**Your instructions:** Each record listed below is to be output exactly as written.

Stored data entries
++++++++++++++++++++

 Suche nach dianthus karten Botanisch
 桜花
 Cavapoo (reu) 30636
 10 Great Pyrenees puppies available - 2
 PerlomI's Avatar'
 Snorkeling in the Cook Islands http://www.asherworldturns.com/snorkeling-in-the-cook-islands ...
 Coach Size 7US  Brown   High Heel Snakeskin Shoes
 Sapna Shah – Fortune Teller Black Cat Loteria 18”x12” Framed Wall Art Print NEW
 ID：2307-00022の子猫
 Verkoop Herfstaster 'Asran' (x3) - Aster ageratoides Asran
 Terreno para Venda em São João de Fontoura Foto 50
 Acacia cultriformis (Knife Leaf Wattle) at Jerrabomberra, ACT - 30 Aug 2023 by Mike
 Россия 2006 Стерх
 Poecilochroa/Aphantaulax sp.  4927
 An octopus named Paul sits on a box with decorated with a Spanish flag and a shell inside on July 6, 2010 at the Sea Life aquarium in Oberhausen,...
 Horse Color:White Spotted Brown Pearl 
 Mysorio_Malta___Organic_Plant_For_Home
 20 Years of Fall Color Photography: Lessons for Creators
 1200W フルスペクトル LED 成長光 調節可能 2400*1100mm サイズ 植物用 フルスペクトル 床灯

++++++++++++++++++++

**Exercise result:**
 Suche nach dianthus karten Botanisch
 桜花
 Cavapoo (reu) 30636
 10 Great Pyrenees puppies available - 2
 PerlomI's Avatar'
 Snorkeling in the Cook Islands http://www.asherworldturns.com/snorkeling-in-the-cook-islands ...
 Coach Size 7US  Brown   High Heel Snakeskin Shoes
 Sapna Shah – Fortune Teller Black Cat Loteria 18”x12” Framed Wall Art Print NEW
 ID：2307-00022の子猫
 Verkoop Herfstaster 'Asran' (x3) - Aster ageratoides Asran
 Terreno para Venda em São João de Fontoura Foto 50
 Acacia cultriformis (Knife Leaf Wattle) at Jerrabomberra, ACT - 30 Aug 2023 by Mike
 Россия 2006 Стерх
 Poecilochroa/Aphantaulax sp.  4927
 An octopus named Paul sits on a box with decorated with a Spanish flag and a shell inside on July 6, 2010 at the Sea Life aquarium in Oberhausen,...
 Horse Color:White Spotted Brown Pearl 
 Mysorio_Malta___Organic_Plant_For_Home
 20 Years of Fall Color Photography: Lessons for Creators
 1200W フルスペクトル LED 成長光 調節可能 2400*1100mm サイズ 植物用 フルスペクトル 床灯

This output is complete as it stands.